Laboratory for Visionary Architecture (LAVA) has revealed their second-price-winning proposal for an international competition to design the masterplan of a green smart city in Southern Malaysia. The Forest City competition which was launched by Chinese developer Country Garden has attracted more than 500 entries and was won by Sasaki Associates. The city covers an area of 240,000m2 of Malaysian reclaimed land, close to the shore of Singapore, and is planned to house 700,000 citizens.

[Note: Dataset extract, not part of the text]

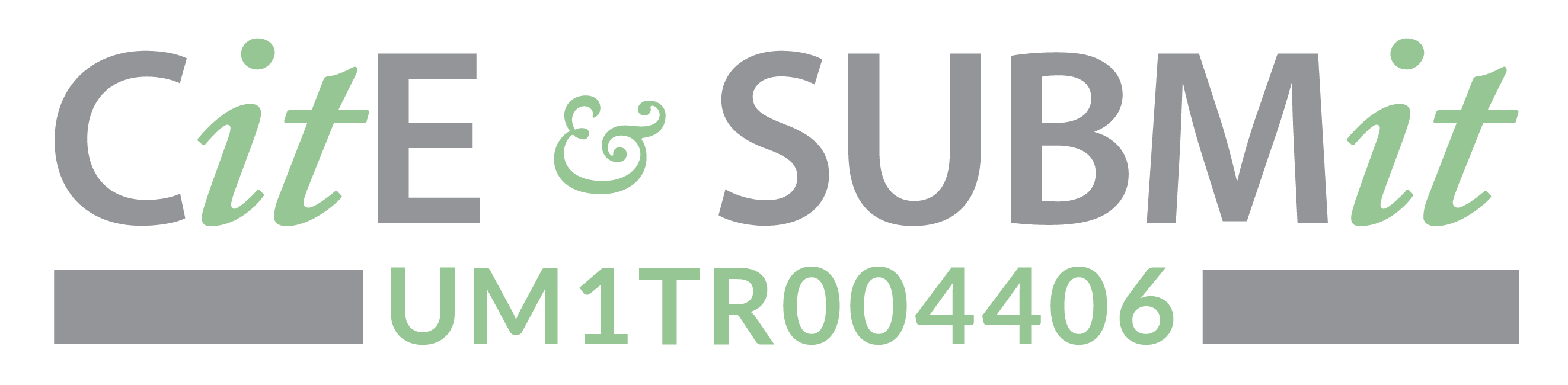 CitE and SUBMit CTSA Grant number - UM1TR004406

The concept behind LAVA’s green futuristic city has been revealed by the director of LAVA Chris Bosse: “Skylines across the world look the same—usually a couple of iconic towers in the center surrounded by lots of lesser quality buildings, which all resemble each other,” said Chris Bosse. “Here we have designed an inverse city skyline where the icon of the city is a public space, not an object/building. Our central space is a Rainforest Valley and demonstrates the equation: PEOPLE = CITY. From an object to a place.” The concept is clearly reflected in the rendered images of the city released by LAVA, where the five-fingered Rainforest Valley can be seen in the center of the city, surrounded by a waterfall which is to be filled by rainwater. The five fingers represent the Five Elements of Chinese Taoism: wood, fire, earth, metal, and water, as well as LAVA’s five pillars of sustainability: economic, environmental, social, cultural, and equity. According to the designers, the valley is “a visual reminder of the city as a three-dimensional ecosystem.” The Valley is surrounded by buildings that lower in height the closer they get to the center, and they are mostly covered by roof gardens. Among those buildings is a landmark tower with flexible floor plans which include serviced apartments, hotels, and commercial zones.
The city follows a pedestrian-friendly “Layered-City” concept, where the pedestrian walkways, railways, and motor vehicle roads are separated, with the motor vehicle roads being underground, the pedestrian walkways on the ground, and the railways above them. The city is also designed to operate in a closed-loop system which employs recycling and outflow reduction techniques. Renewable resources shall be used for energy generation and local materials for building construction.